The list of pros was long. The list of cons was short, only containing “no Spanish” and “more challenging.” After completing an eye roll that looked more like a body roll because it was accentuated so thoroughly he sarcastically stated, “oh so you are worried it might be hard.” And sternly retorted, “you know you can’t grow without discomfort.” After allowing me to let that ordeal sink in with a strategic moment of silence he more gently reminded me that it has already taken me a lifetime to learn such a simple language and two more years without fluency doesn’t seem like a big deal, negating “no Spanish” as a valid con. Thank you Tristan. We all need a 17-year-old bilingual younger brother to really break things down for us.

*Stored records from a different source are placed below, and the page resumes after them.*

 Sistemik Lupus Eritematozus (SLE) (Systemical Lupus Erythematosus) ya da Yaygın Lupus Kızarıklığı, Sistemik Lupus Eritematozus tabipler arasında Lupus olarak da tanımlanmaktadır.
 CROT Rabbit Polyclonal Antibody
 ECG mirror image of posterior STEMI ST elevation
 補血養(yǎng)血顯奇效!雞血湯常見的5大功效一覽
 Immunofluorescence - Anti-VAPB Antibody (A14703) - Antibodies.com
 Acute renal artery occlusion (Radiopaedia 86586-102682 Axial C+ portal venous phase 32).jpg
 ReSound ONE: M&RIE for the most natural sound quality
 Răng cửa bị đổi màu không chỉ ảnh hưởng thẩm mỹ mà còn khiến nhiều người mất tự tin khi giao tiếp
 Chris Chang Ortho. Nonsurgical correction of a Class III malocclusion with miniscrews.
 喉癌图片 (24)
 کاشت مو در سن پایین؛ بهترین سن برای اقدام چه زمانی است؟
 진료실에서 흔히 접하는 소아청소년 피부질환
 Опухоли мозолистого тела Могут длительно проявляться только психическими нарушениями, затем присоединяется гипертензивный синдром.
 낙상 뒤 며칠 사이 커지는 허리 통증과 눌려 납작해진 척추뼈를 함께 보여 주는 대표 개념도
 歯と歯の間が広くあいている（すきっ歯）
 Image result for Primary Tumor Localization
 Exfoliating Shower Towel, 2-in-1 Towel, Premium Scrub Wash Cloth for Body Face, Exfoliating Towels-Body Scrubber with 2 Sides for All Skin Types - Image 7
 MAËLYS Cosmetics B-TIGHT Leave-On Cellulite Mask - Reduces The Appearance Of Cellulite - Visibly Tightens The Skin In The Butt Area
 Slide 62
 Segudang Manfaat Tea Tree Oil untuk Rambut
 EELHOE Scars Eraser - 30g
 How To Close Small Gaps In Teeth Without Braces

Peace Corps has taught me a lesson even before my placement has begun. In this industry things change quickly and compromise is often required. To cope with this now and moving forward, maintaining a flexible mindset will be of the utmost importance and finding the excitement in any situation will be crucial for happiness. To do anything other than gratefully accept this once in a lifetime opportunity, on the grounds that it is not exactly what I anticipated, would have been not only a disservice to the Peace Corps and the Peace Corps’ partners preparing for our arrival in Uganda, but also a disservice to me.
Throughout the application, interview, and placement process Peace Corps stresses flexibility as a characteristic for success, or in simpler terms just “go with the flow” and you will succeed. So I guess this is the first of many challenges to come up where I’ll just have to go with the flow and build excitement.